O Brasil ainda é uma grande incógnita. Ainda assim, em meio a essa incerteza, uma Colômbia mais estável ao menos não significará mais lenha na fogueira já acesa no país pelo golpe da direita escravocrata.

Para a Argentina, o acordo de Havana é uma boa notícia, que seguramente será interpretada com diferentes ênfases. Mauricio Macri se sente cômodo ao lado de Santos, um exponente pragmático do establishment latino, e recebeu a informação em primeira mão, na semana passada, quando encontrou o colega em Bogotá, onde aproveitaram para brincar com uma possível final da Copa América entre Argentina e Colômbia.

Marcelo Stubrin, o histórico dirigente do Partido Radical argentino e atual embaixador na Colômbia, disse acreditar que o processo de paz será uma oportunidade para a Argentina “superar o congelamento” das relações entre Buenos Aires e Bogotá. “As políticas voltadas à recuperação ou à preservação da paz colaboram para que os interesses nacionais possam convergir numa mesma agenda”, disse. “Honramos os princípios elevados, e a paz é um desses que cria as melhores condições para que possamos colaborar criativa e solidariamente com as grandes expectativas que se abrem para a Colômbia”, agregou o embaixador.
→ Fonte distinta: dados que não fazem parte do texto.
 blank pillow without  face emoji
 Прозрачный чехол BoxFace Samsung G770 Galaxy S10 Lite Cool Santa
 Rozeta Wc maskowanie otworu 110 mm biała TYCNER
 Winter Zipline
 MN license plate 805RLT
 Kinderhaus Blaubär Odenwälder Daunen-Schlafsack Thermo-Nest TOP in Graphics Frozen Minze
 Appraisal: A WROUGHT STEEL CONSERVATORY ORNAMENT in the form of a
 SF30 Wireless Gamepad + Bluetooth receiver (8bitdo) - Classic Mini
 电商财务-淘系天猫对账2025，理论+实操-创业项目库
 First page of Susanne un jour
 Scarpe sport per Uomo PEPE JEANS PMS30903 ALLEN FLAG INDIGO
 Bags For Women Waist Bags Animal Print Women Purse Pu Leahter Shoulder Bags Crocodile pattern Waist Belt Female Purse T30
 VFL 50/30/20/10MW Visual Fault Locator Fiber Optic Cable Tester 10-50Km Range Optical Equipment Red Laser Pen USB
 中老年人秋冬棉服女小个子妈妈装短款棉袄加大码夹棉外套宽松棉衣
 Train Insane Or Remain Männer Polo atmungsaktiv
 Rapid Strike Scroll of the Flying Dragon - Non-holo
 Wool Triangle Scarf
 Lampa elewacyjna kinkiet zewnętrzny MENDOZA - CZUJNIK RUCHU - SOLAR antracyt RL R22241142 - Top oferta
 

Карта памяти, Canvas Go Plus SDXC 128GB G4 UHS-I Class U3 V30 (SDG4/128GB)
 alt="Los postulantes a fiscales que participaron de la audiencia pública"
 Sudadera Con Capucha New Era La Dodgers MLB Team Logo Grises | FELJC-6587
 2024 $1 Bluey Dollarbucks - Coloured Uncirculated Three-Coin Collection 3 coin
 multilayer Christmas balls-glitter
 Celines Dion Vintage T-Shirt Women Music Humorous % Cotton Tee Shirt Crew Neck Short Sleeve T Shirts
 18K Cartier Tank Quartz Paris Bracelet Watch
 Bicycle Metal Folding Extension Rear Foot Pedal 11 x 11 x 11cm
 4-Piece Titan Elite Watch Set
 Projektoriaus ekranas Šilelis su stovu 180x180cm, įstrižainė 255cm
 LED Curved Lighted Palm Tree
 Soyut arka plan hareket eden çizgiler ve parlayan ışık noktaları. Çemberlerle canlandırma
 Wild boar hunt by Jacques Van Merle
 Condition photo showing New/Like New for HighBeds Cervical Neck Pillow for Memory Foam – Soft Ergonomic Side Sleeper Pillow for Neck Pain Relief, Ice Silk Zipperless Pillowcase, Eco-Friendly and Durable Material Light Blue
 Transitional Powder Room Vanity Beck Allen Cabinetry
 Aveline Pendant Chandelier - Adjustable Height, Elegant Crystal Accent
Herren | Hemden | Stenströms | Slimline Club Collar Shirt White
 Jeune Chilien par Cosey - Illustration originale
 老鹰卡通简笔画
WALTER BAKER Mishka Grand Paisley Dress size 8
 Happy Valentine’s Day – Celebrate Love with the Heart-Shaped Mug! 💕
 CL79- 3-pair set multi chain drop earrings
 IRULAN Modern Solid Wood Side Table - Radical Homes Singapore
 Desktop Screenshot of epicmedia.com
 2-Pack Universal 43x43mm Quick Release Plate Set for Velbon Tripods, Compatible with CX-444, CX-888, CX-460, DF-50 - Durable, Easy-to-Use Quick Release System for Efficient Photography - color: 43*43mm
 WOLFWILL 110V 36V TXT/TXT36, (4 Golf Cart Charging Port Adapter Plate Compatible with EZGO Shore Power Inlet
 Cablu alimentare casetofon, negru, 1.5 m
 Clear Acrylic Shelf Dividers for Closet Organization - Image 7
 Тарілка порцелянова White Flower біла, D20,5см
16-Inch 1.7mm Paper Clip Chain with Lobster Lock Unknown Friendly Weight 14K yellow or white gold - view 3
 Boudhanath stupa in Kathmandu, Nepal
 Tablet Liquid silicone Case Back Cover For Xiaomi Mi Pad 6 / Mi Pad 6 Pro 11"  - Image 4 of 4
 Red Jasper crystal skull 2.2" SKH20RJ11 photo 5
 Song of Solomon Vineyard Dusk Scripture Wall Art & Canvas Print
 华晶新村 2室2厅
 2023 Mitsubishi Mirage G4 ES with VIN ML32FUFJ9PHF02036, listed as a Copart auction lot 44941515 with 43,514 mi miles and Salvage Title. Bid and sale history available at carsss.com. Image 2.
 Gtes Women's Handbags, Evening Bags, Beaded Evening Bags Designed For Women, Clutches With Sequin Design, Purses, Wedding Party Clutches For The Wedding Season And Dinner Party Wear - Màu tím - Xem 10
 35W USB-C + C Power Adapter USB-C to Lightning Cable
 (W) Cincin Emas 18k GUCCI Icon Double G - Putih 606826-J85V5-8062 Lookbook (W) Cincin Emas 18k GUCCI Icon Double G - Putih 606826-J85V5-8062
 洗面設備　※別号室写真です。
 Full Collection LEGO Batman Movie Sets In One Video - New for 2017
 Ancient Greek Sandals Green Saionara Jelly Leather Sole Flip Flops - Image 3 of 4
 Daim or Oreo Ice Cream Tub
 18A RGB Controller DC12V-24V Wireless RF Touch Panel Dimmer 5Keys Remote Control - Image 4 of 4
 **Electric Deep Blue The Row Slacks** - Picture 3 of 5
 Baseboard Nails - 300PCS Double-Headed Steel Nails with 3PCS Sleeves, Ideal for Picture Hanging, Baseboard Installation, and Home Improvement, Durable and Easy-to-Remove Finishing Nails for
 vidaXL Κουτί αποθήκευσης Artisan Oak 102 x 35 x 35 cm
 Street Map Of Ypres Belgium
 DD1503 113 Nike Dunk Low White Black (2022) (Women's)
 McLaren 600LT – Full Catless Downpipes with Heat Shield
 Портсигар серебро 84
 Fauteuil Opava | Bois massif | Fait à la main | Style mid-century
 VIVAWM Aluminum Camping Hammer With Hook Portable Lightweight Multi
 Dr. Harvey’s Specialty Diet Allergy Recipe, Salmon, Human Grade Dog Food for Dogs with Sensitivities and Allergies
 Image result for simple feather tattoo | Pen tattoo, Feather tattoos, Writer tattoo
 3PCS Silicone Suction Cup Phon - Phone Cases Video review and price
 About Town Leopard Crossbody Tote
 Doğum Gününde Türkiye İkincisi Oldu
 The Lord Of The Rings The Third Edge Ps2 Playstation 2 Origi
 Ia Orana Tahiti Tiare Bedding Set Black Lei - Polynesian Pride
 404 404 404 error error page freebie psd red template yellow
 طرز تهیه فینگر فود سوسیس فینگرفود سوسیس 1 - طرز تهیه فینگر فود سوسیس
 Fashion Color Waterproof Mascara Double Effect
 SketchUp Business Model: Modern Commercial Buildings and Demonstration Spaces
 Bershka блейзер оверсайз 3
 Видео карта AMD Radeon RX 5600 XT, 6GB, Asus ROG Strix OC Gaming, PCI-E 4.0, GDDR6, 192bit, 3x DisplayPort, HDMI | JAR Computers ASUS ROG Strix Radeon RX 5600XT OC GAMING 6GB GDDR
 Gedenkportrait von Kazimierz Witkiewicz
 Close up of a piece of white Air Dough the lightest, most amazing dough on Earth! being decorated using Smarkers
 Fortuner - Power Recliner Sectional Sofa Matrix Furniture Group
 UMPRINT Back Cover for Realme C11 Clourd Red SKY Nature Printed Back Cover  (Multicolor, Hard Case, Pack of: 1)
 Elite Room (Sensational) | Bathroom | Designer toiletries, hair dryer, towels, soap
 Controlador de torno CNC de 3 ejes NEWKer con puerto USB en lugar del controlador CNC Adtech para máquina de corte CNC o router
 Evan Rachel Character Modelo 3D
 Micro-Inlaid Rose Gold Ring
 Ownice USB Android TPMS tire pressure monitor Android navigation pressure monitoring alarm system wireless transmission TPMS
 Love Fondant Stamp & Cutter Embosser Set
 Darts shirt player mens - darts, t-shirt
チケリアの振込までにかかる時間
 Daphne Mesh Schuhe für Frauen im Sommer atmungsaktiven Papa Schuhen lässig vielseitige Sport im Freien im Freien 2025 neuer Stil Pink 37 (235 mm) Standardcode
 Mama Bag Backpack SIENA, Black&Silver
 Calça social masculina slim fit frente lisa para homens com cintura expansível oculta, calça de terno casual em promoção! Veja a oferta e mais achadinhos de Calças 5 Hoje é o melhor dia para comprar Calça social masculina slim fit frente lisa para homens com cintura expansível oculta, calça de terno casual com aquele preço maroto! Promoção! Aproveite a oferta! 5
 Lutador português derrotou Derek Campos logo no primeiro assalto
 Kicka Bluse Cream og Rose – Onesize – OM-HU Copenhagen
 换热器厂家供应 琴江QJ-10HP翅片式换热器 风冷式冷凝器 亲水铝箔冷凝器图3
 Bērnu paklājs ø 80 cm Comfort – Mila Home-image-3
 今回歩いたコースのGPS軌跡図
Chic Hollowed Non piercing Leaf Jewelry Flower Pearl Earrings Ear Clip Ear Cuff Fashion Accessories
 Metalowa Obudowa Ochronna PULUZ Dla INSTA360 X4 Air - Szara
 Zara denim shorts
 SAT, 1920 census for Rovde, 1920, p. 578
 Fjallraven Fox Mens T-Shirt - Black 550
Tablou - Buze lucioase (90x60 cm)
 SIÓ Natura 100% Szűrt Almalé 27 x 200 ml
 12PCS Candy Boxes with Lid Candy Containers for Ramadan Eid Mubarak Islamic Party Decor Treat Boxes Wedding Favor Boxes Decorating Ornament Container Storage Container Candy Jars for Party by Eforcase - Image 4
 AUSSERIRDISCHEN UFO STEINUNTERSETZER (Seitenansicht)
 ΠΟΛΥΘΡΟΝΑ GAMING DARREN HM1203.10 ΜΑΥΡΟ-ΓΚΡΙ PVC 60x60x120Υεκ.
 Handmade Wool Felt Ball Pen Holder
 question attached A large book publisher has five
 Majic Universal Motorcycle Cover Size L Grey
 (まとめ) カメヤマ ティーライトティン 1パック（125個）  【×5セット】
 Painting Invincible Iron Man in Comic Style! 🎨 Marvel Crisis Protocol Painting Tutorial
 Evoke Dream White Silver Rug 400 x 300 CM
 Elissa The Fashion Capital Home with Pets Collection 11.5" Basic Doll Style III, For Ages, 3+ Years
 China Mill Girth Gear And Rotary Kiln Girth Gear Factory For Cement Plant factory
Na verdade, a Argentina viveu um momento de grande influência na realidade colombiana por volta de 2010, quando o então secretário-geral da Unasul (União de Nações Sul-americanas), Néstor Kirchner, foi o mediador do diálogo entre a Colômbia de Santos e a Venezuela de Hugo Chávez, que evitaram uma guerra, e terminaram assinando o Acordo de Santa Marta, para repor embaixadores e estimular o comércio. Sem esse acordo, sem a assistência dada a Kirchner por Rafael Follonier e Juan Manuel Abal Medina, e sem a coordenação à distância de Luiz Inácio Lula da Silva, o diálogo de paz teria demorado muito mais. Seria uma injustiça com um povo que, como diria o amigo de García Márquez, já sofreu demais.